* Data segment *
Content starts

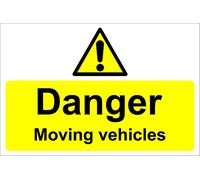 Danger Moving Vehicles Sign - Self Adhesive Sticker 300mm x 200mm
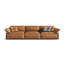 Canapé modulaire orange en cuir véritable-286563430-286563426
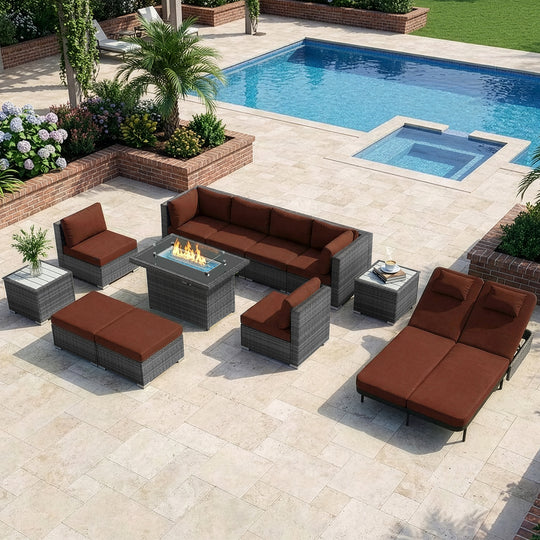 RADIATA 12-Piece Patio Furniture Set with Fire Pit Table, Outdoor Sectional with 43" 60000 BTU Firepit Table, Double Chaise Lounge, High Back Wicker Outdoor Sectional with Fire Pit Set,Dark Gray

Content ends

* What the task asks *
Except for the pictures, give all the material above again verbatim.

* Worked solution *
 Danger Moving Vehicles Sign - Self Adhesive Sticker 300mm x 200mm
 Canapé modulaire orange en cuir véritable-286563430-286563426
 RADIATA 12-Piece Patio Furniture Set with Fire Pit Table, Outdoor Sectional with 43" 60000 BTU Firepit Table, Double Chaise Lounge, High Back Wicker Outdoor Sectional with Fire Pit Set,Dark Gray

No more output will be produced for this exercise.